Rescaling Confidence: What Scale Design Reveals About LLM Metacognition
This work addresses the problem of unreliable uncertainty estimation in black-box LLMs for researchers and practitioners, revealing that confidence scale design is a critical but overlooked factor, making it an incremental but important contribution.
The study investigated how the design of confidence scales affects the quality of verbalized uncertainty in large language models (LLMs), finding that a 0–20 scale improves metacognitive efficiency over the standard 0–100 format, with more than 78% of responses concentrating on just three round-number values across six LLMs and three datasets.

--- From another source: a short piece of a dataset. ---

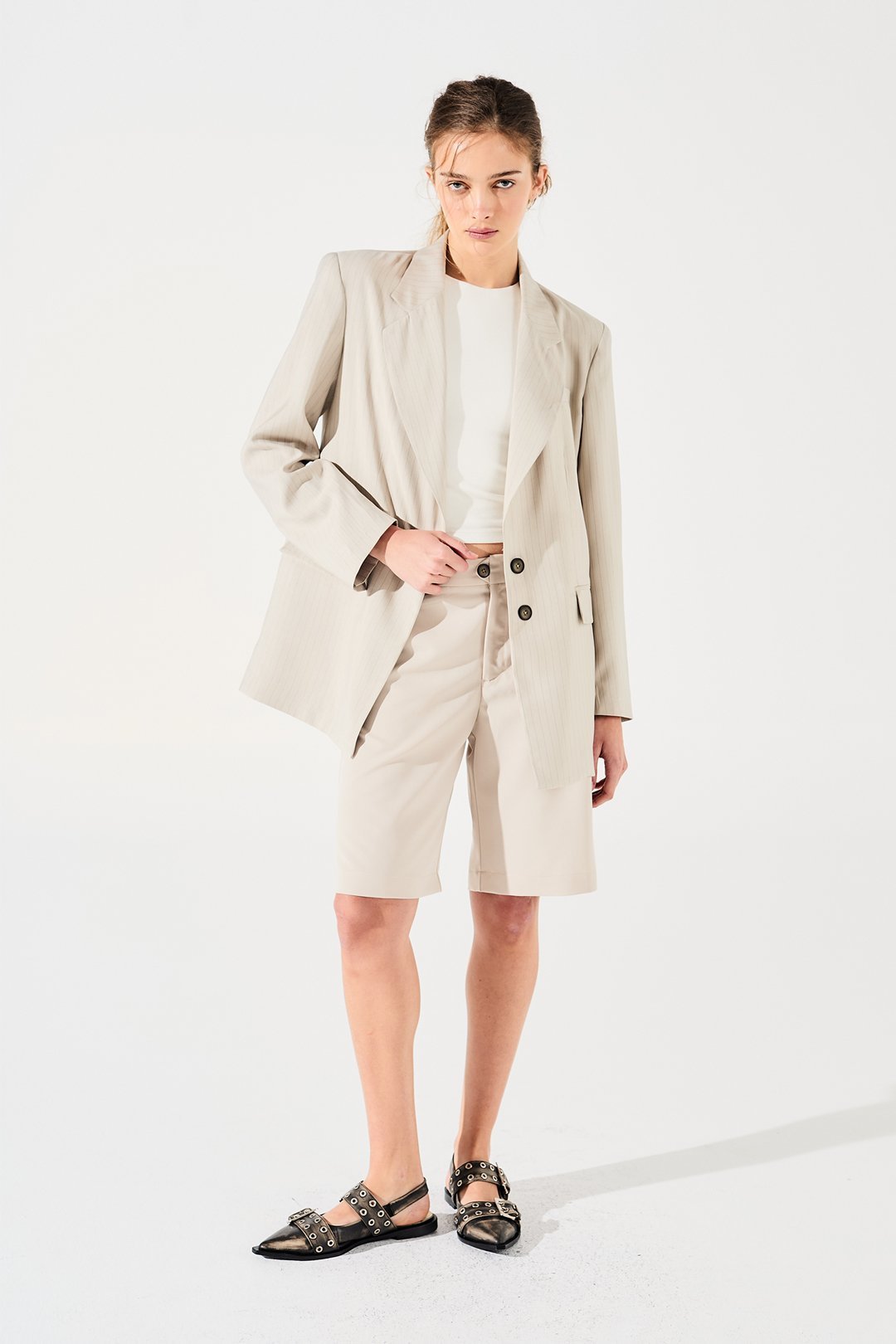 Blazer sastrero de mujer de moda verano 2025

Verbalized confidence, in which LLMs report a numerical certainty score, is widely used to estimate uncertainty in black-box settings, yet the confidence scale itself (typically 0--100) is rarely examined. We show that this design choice is not neutral. Across six LLMs and three datasets, verbalized confidence is heavily discretized, with more than 78% of responses concentrating on just three round-number values. To investigate this phenomenon, we systematically manipulate confidence scales along three dimensions: granularity, boundary placement, and range regularity, and evaluate metacognitive sensitivity using meta-d'. We find that a 0--20 scale consistently improves metacognitive efficiency over the standard 0--100 format, while boundary compression degrades performance and round-number preferences persist even under irregular ranges. These results demonstrate that confidence scale design directly affects the quality of verbalized uncertainty and should be treated as a first-class experimental variable in LLM evaluation.